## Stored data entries
▬▬▬

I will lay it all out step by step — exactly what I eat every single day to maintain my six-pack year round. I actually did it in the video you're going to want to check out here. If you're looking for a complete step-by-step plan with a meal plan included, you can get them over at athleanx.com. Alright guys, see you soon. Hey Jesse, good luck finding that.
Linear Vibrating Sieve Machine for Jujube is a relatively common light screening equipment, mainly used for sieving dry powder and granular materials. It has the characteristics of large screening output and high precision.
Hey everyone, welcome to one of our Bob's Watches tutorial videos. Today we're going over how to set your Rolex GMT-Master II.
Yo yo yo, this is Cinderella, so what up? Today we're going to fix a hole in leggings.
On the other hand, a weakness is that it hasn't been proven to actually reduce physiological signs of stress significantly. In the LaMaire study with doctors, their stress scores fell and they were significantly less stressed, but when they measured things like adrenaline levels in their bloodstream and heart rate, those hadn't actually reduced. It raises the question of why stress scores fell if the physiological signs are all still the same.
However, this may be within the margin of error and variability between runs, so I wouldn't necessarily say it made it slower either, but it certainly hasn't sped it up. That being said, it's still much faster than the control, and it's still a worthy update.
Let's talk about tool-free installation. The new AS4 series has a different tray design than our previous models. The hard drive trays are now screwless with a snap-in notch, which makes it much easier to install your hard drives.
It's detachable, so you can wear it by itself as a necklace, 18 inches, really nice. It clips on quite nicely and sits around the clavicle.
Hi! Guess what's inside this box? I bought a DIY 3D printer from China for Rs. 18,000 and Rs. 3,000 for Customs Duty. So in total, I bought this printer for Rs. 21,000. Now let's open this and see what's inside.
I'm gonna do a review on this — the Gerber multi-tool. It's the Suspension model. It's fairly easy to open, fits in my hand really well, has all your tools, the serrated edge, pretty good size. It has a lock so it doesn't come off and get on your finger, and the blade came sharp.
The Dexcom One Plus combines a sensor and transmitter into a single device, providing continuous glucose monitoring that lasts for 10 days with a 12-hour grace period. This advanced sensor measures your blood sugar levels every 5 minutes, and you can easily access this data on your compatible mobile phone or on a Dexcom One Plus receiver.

▬▬▬

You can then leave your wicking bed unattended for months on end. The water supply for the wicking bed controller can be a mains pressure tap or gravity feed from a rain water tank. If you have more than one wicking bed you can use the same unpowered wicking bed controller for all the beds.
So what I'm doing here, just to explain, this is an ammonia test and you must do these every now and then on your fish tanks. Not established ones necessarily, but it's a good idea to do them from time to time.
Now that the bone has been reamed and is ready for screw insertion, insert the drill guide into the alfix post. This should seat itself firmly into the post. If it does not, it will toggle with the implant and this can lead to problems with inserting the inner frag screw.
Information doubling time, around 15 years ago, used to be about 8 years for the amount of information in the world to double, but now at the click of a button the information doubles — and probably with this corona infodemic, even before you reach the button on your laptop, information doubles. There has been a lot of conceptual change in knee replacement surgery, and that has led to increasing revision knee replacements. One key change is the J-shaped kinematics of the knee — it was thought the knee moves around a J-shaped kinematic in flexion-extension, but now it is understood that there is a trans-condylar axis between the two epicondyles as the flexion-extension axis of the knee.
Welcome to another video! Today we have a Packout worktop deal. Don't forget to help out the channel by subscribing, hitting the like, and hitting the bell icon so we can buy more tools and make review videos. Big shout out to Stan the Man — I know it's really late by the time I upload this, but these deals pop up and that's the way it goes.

▬▬▬

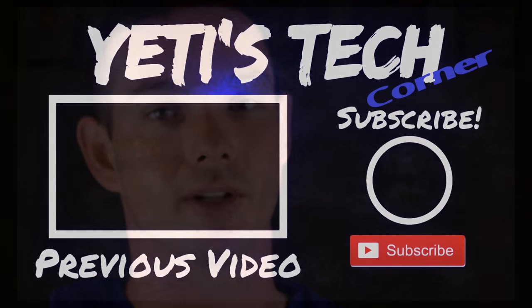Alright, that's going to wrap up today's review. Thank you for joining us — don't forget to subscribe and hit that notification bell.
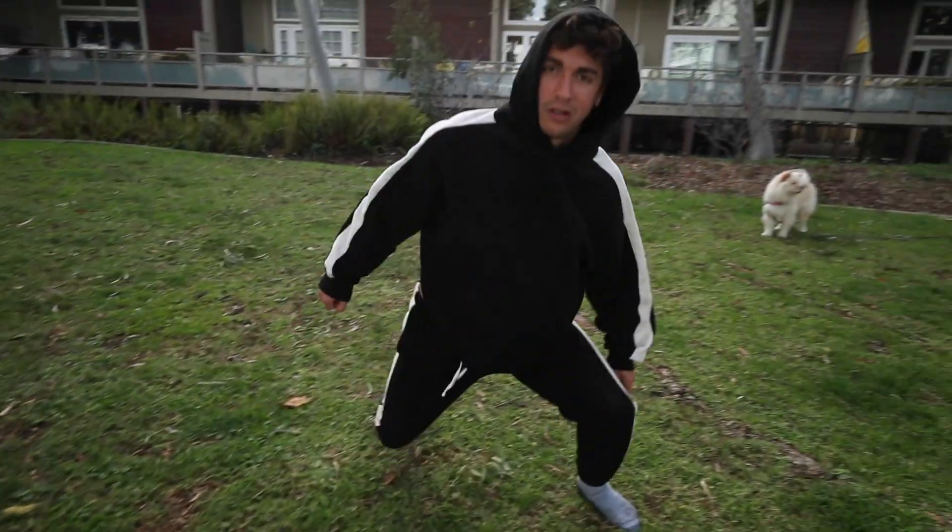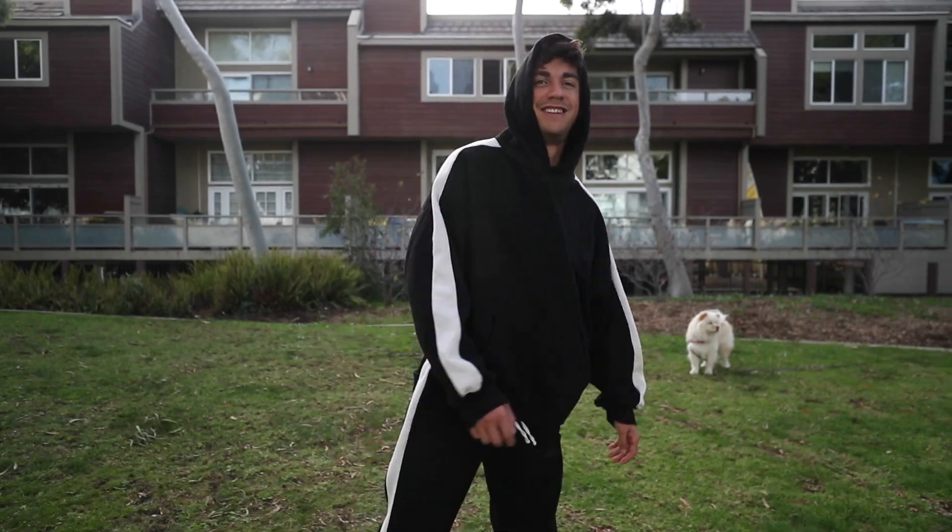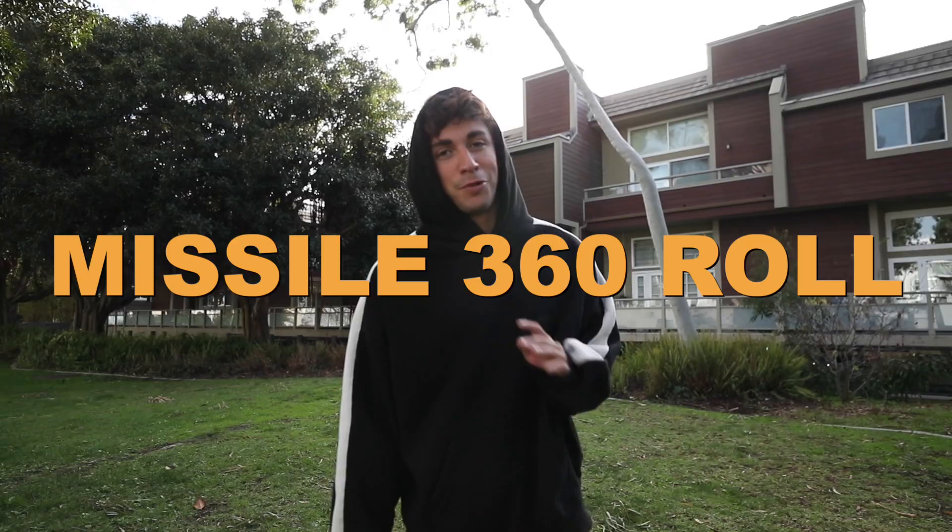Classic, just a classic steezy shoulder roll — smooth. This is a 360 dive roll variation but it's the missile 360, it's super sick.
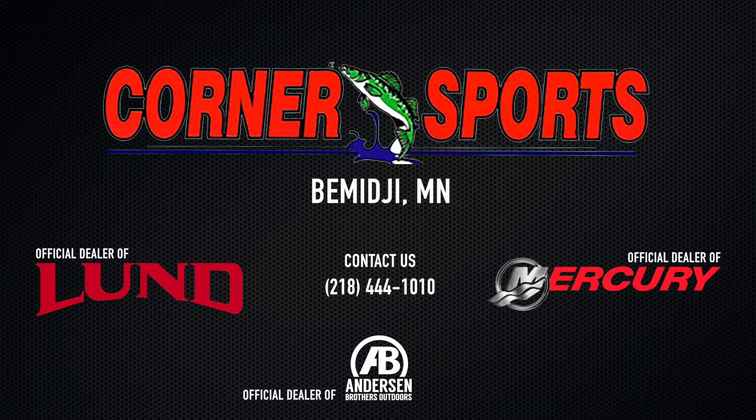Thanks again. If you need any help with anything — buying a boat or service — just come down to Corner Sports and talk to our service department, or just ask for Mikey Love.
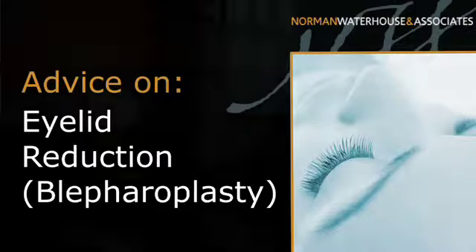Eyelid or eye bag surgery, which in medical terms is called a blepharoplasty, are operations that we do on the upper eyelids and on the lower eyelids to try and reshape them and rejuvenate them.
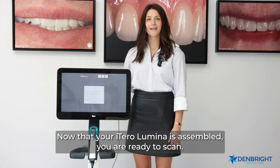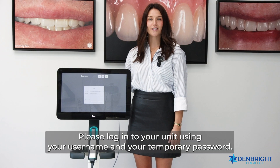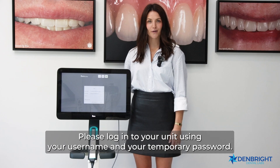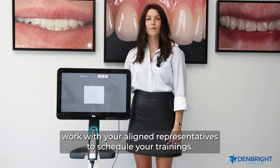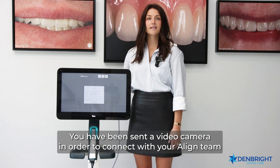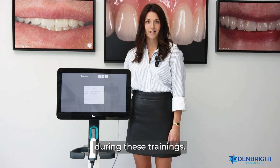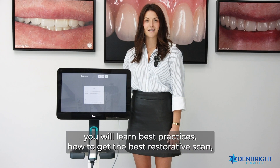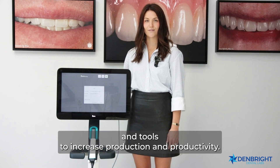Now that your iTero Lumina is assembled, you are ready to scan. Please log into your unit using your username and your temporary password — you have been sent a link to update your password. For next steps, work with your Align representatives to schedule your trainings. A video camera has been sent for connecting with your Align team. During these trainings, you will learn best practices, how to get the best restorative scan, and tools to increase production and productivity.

▬▬▬

## PROBLEM TO WORK ON
Give back exactly the lines above starting at the line where "I will lay it" appears and ending at the line where "Let's talk about" appears, both included, with no other lines.

## THE COMPLETED TASK
I will lay it all out step by step — exactly what I eat every single day to maintain my six-pack year round. I actually did it in the video you're going to want to check out here. If you're looking for a complete step-by-step plan with a meal plan included, you can get them over at athleanx.com. Alright guys, see you soon. Hey Jesse, good luck finding that.
Linear Vibrating Sieve Machine for Jujube is a relatively common light screening equipment, mainly used for sieving dry powder and granular materials. It has the characteristics of large screening output and high precision.
Hey everyone, welcome to one of our Bob's Watches tutorial videos. Today we're going over how to set your Rolex GMT-Master II.
Yo yo yo, this is Cinderella, so what up? Today we're going to fix a hole in leggings.
On the other hand, a weakness is that it hasn't been proven to actually reduce physiological signs of stress significantly. In the LaMaire study with doctors, their stress scores fell and they were significantly less stressed, but when they measured things like adrenaline levels in their bloodstream and heart rate, those hadn't actually reduced. It raises the question of why stress scores fell if the physiological signs are all still the same.
However, this may be within the margin of error and variability between runs, so I wouldn't necessarily say it made it slower either, but it certainly hasn't sped it up. That being said, it's still much faster than the control, and it's still a worthy update.
Let's talk about tool-free installation. The new AS4 series has a different tray design than our previous models. The hard drive trays are now screwless with a snap-in notch, which makes it much easier to install your hard drives.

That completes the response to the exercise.